Fallen from nest, baby owl shows wildlife challenges of Valley border wall construction
A baby owl is getting a lot of attention right now. It falls under a protected species. An ordeal took it away from its nest at a border wall construction site to a rehabilitation center hundreds of miles away.
The owlet is an eastern screech owl – a species protected from harm under the Migratory Bird Treaty Act. However, at border wall construction sites, that federal law, and others are waived to fast-track border security projects.
The hatching owl was found between trees cleared for border wall construction, according to Border Patrol records. Advocates say it’s an example of how land clearance for wall construction is impacting wildlife.
In mid-2019, the secretary of the Department of Homeland Security announced waivers for 28 federal laws, including the Migratory Bird Treaty Act – which protects some one thousand bird species from killing or "taking." In regulations, taking is defined as “pursue, hunt, shoot, wound, kill, trap, capture, or collect." People who violate the law face misdemeanor or felony charges.
"You can physically see, this is an animal that was affected by this," said Elsa Hull, living in San Ygnacio, between Laredo and Zapata. She became a temporary caretaker of the owlet after its fall at the border wall construction site near Roma. Hull said a person who was working in that area contacted her about the displaced owl. She took custody before getting it to a rehabilitation center in San Antonio.
"The person went back to go check up on it," she said. "Sure enough, the tree, the nest, everything was gone. And the little owlet was just in the middle of the ground."
Hull did not identify the individual who retrieved the owl from the site.
In response to questions, a Border Patrol spokesperson confirmed an eastern screech owl was found between two fallen mesquite trees that were cleared during construction.
"CBP’s environmental monitors transported the young owl to a wildlife rehabilitator in Zapata, Texas," said Border Patrol Agent Dustin Araujo in an emailed response.
Hull said she picked up the owl from the rehabilitator in Zapata.

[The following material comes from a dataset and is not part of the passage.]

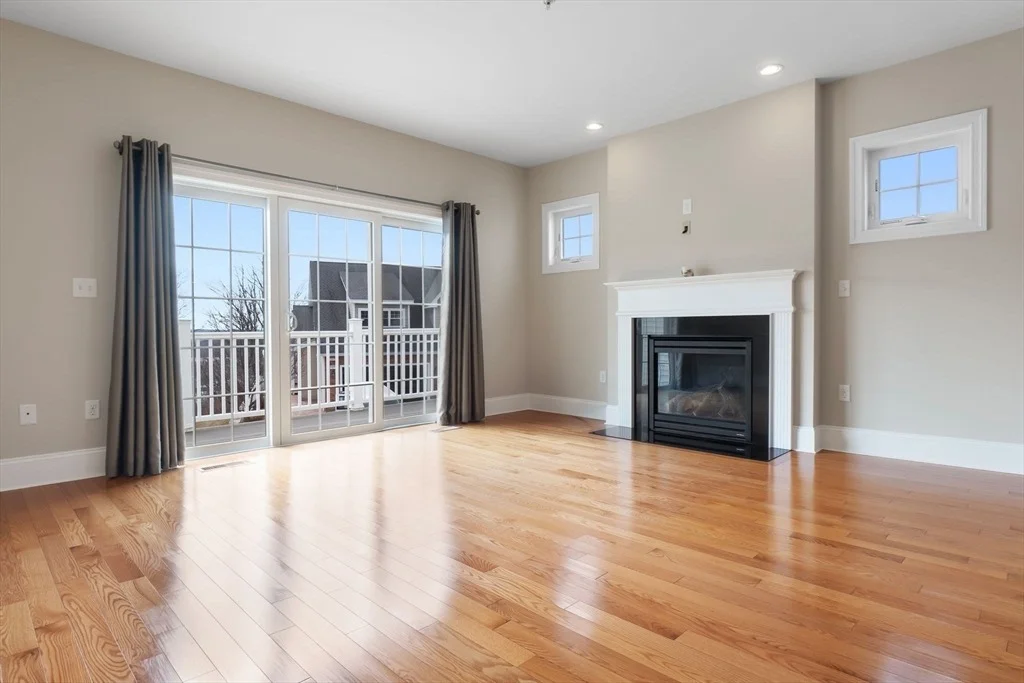 Photo of Unit 217A at 100 Kirkbride Drive
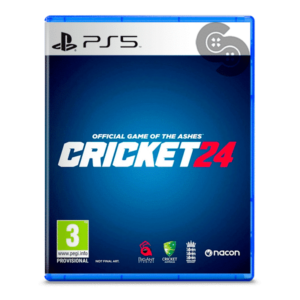 Cricket 24 PS5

"Environmental monitors" are staff who identify and mark off protected wildlife, explained Aurajo. He said they work under "best management practices," an alternative to compliance with waived environmental laws.
During the same week the owlet was recovered, environmental monitors marked off a nesting great kiskadee and an active verdin nest, according to Border Patrol. Those two nests were given a 50-foot buffer and remained active after clearing was finished, said the agency.
Border wall construction is moving quickly. Twenty-four miles under the RGV-08 and RGV-05 projects are under construction in western Starr County. Sections south of Mission, McAllen, San Juan, Weslaco and Donna are also moving ahead.
Border wall designs call for land clearance of a 100-foot "enforcement zone" both north and south of the wall. The zone enables patrol roads and will be paired with security lighting, according to the agency. Some of those properties cleared include federally protected land, under the U.S. Fish and Wildlife Service.
"Now we can see that this is actually happening," said Hull, expressing concern about wildlife impacts at different sites. "This is just one small example of what's going on, on a much grander scale."
Border Patrol maintains the walls are necessary to improve their fight against smugglers. The agency stated in 2019 the Rio Grande Valley sector accounts for some 40% of all human and drug seizures on the U.S. border.
"The border wall system is a critical tool for Border Patrol agents," said CBP in April. "It helps slow or stop those who attempt to illegally cross into the United States, giving our agents time to respond and make an arrest."